От триумфа до разгрома. Русская кампания 1812-го года | страница 125
16-е ноября. Мы вышли до рассвета и продолжали идти по усеянной обломками багажа и артиллерии дороге. Лошади были крайне изнурены, поэтому нам приходилось бросать пушки у каждого, даже очень небольшого холма. Единственное, что оставалось артиллеристам, так это опустошить зарядные ящики и зачеканить пушки, чтобы вывести их из строя. Мы как раз этим занимались, когда, наши генералы Пуатвен и Гийон, командовавшие авангардом, в двух часах ходьбы до Красного увидели приближающегося к ним русского офицера. С ним был трубач, возвещавший, что идет парламентер. Удивленный столь неожиданным явлением, генерал Гийон остановился и спросил офицера, кто он, от кого, и какова цель его миссии.

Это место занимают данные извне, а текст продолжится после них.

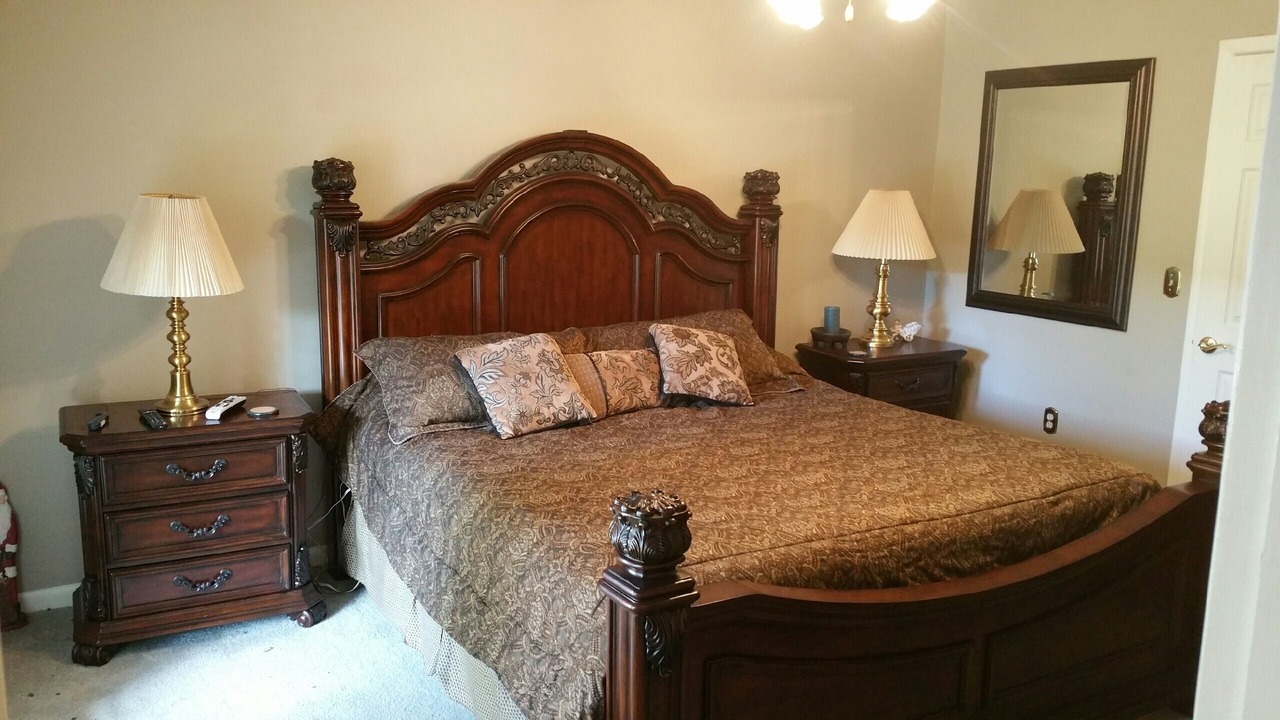 Photo of Bedroom in Berkeley Springs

– Я пришел, – отвечал тот, – от генерала Милорадовича, чтобы сообщить вам, что вчера Наполеон и его Императорская Гвардия были разбиты, а вице-король окружен двадцатитысячной армией. Он не может уйти от нас, и мы предлагаем ему сдаться на почетных условиях.
Задохнувшись от возмущения, генерал Гийон ответил:
– Быстро возвращайтесь туда, откуда вы пришли и сообщите тем, кто послал вас, что если у вас есть 20 000 человек, то нас здесь вчетверо больше!
Эти столь уверенно произнесенные слова, так поразили русского, что тот повернулся и тотчас исчез.
Подъехавший вице-король слушал этот разговор, испытывая странную смесь чувств удивления и возмущения. Несмотря на то, что его корпус был в ужасном состоянии, он, наверняка, имел некоторую информацию о серьезной стычке накануне между авангардом Кутузова и Императорской Гвардией. Поразмыслив о той хвастливой уверенности, с которой прозвучало сообщение русского офицера, он пришел к выводу, что если форсировать марш, у него есть шанс вскоре воссоединиться с Императором. Кроме того, он был полон решимости скорее погибнуть на поле боя, чем позорно сдаться. Поэтому он приказал 14-й дивизии немедленно выступить вперед, взяв с собой две оставшиеся пушки. Затем он призвал генерала Гильемино, долго с ним совещался и решил, что сейчас крайне необходимо ускорить наш марш. Таким образом, мы продолжали идти, и подошли к основанию холма, на котором расположились русские. Внезапно, замаскированные ими батареи сбросили свой камуфляж и открыли прицельный огонь. Спустившаяся с холма русская кавалерия довершила разгром нашего авангарда и захватила оставшиеся пушки, впрочем, боеприпасов к ним хватило бы всего на пару выстрелов.
Генерал Орнано, под шквальным огнем противника, с остатками 13-й дивизии направлялся на помощь жестоко избитой 14-й, когда пушечное ядро пролетело так близко от него, что он упал с лошади. Солдаты, думая, что он мертв, ринулись к нему, чтобы ограбить его, но остановились, когда увидели, что он пострадал только от падения. Чтобы поднять и воодушевить войска принц послал туда своего адъютанта – полковника Дельфанти. Этот храбрый офицер, бросился в самую гущу боя и проявил неслыханное мужество, под дождем картечи и пушечных ядер, своими советами и личным примером вдохновляя солдат. Однако, получив две опасные раны, он был вынужден вернуться. Хирург сделал ему перевязки, и Дельфанти с большим трудом покинул поле боя. По дороге он встретил господина де Виллебланша, который в качестве аудитора Государственного совета покинул Смоленск, где он занимал должность Интенданта Смоленского Верховного Правления. С ним же был генерал Шарпантье – губернатор Смоленска. По роковой случайности он получил разрешение вице-короля сопровождать его. Этот достойный молодой человек, увидев раненого полковника Дельфанти, опиравшегося на руку офицера, по доброте души своей также предложил ему свою помощь. Втроем они медленно уходили с поля боя, но прилетевшее ядро, ранив в плечо полковника, снесло голову отважному Виллебланшу. Так погибли эти двое молодых людей, хотя и состоявшие на разных должностях, проявили так много мужества и способностей. Первый стал жертвой своей храбрости, другой – своей гуманности. Принц, невероятно потрясенный этим случаем, почтил память полковника Дельфанти, оказав много благодеяний его отцу, и он точно так же смог утешить отца Виллебланша, если бы смерть его единственного сына, вскоре не свела его в могилу.